В его поэзии сплавлялись исторические темы, аналогии, библейские мотивы, отражая насущные злобы дня, вражду и кровь, разделившие мир. «Совсем новые слова опять появились у Вас и ритмы неожиданные, и хорошо, что именно для России. Только у Блока я так чувствую музыку страны»[355], – писала Оболенская, все больше проникаясь стихами и понимая, в какого большого поэта вырастает Волошин.
Великая французская и та, что перед глазами, обретали один масштаб, «пересекаясь» параллелями, перекликаясь именами:
Можно представить, как звучало это в Крыму и читалось в Москве… «Кто передаст потомкам нашу повесть?»; «Тот, кто не горел здесь, в этом пламени – поймут ли? Что прочтут?» – волновался Волошин. Его письма становились жестче, а стихи, вбирая и прессуя в себе происходящее, обретали трагическую избыточность, выходящую за пределы искусства. Оболенская это принимала: «Для меня по-прежнему многое не стихи, а что-то более страшное – некоторые я не могу читать не только вслух, но и для себя, так они страшны. Эта особенность, впрочем, и раньше у Вас иногда мелькала, только тогда это касалось более далекого. Сейчас я не могу решить, хорошо это или нет (вот этот избыток, который “больше” стихов). Несомненно только, что иными им быть нельзя и что они необходимы такими, какие есть»[356].

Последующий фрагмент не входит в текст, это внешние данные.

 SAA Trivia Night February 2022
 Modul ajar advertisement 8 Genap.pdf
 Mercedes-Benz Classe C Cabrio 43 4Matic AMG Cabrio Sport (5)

Осознание миссии, которой следовал Волошин, стало не только источником его поэтической силы, но и будто защищало, делая неуязвимым, когда прежняя вездесущность превратилась в неутомимую потребность исторического свидетельства, а участие в человеческих судьбах вмешивало в опасные обстоятельства. «В ревущем пламени и дыме» позиция «над схваткой», помощь не только своим, например Мандельштаму, арестованному белогвардейцами в 1920-м, но и незнакомым чужим, независимо от «цвета» убеждений, вызывала разные суждения. «У власти были красные – он умел дружить с красными; при белых – он дружил с белыми. И в то же время он всячески хлопотал перед красными за арестованных белых, перед белыми – за красных»[357]. Однако то, что с расстояния двадцати последующих лет описывалось Вересаевым как легкомысленная мимикрия или парадоксальное щегольство, в синхронном событиям времени означало совсем иное. Бытие поэта как ощущение избранничества, рискованной грани между жизнью и смертью, пройти по которой и означало «выиграть». А главное – понять и, пропустив сквозь себя, выразить исторический смысл происходящего как испытание, Божественный промысел на пути между разрушениями и обновлениями, которым вечно следует Россия.